ARTICLE

Les Jeux Paralympiques nous invitent à cultiver l’inclusivité radicale et joyeuse

1er édition de la newsletter "L'optimisme en mouvement"

Vous avez vibré devant votre télé et aimé la liesse estivale de Paris 2024 ?  Vous avez regretté d’avoir fui Paris sur une plage grecque ou ailleurs, et d’avoir écouté les Cassandre qui promettaient l’horreur dans la capitale ? Voici l’occasion de vous rattraper : les Jeux #Paralympiques de Paris 2024 – Comité d’organisation des Jeux Olympiques et Paralympiques de 2024 s’ouvrent dans deux jours, avec une cérémonie d’ouverture qui s’annonce (sur les Champs-Elysées et la Place de la Concorde) tout aussi spectaculaire que la précédente, toujours sous la houlette de Thomas Jolly. Lequel affiche haut et fort sa volonté d’allier à nouveau «festif et politique», en mettant l’inclusion et la diversité au cœur des différents tableaux et «le corps, les corps, tous les corps » au centre de cette cérémonie.

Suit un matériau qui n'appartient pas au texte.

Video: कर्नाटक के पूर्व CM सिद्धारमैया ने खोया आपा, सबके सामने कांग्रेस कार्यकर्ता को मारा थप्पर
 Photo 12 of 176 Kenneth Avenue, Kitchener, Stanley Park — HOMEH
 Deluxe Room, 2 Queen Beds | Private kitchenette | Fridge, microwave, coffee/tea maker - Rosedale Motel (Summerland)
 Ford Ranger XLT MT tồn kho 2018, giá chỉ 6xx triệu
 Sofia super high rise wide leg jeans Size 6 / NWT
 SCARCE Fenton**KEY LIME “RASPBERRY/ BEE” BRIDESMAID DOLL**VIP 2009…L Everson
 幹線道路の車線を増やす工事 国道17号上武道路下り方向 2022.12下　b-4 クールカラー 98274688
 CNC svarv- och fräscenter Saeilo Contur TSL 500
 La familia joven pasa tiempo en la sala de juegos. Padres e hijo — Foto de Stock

Plus enthousiasmant encore : tout comme les J.O. ont transformé notre humeur estivale et restauré notre foi en la société française, qu’on disait fracturée depuis les élections, figée dans la plainte et la colère, ces Jeux promettent de transformer radicalement notre vision du handicap – à l’image de cette affiche Nikeavec Bebe Vio, athlète paralympique déjà médaillée d’or en fleuret à Rio 2016 et Tokyo 2020, qui explique avec force ne pas venir à Paris pour gagner notre sympathie mais bien pour gagner des médailles.

La mini-controverse qui a opposé ces derniers jours, par réseaux sociaux interposés, Teddy Riner et Sofyane Mehiaoui, joueur de basket fauteuil sélectionné pour les Paralympiques, enfonce le clou : pour ce dernier aussi, les athlètes paralympiques ne sont pas les « super-héros » évoqués par le judoka en or, mais avant tout des « personnes normales » qui veulent être reconnues pour leurs performances sportives, non pour leur handicap. Des entreprises pionnières comme Apple ou Scandic Hotels ont déjà pris ce tournant, en considérant les personnes en situation de handicap comme des clients qu’il s’agit de servir le mieux possible, afin de normaliser leur place dans la société plutôt que de souligner leurs différences. Et si le handicap devenait un moteur d’innovation et d’opportunité ?

BANALISER LE HANDICAP… ET FAIRE DE LA VULNÉRABILITÉ UNE SOURCE D’INNOVATION

Cela me rappelle une intervention chezUTOPIES il y a quelques années au cours de laquelle Hamou BOUAKKAZ, ex-adjoint au Maire de Paris et aveugle de naissance, nous avait rappelé avec humour que nous vivrons tous, à un moment ou un autre, une forme de handicap en vieillissant. Il est donc à la fois crucial et urgent de banaliser et de « neutraliser » cette condition dans notre société. Ni malédiction ni héroïsme, le handicap n’est pour lui pas seulement un défi (« vivre la même vie que vous, mais avec un sens en moins »), mais aussi une opportunité, un moteur de créativité pour transformer notre environnement.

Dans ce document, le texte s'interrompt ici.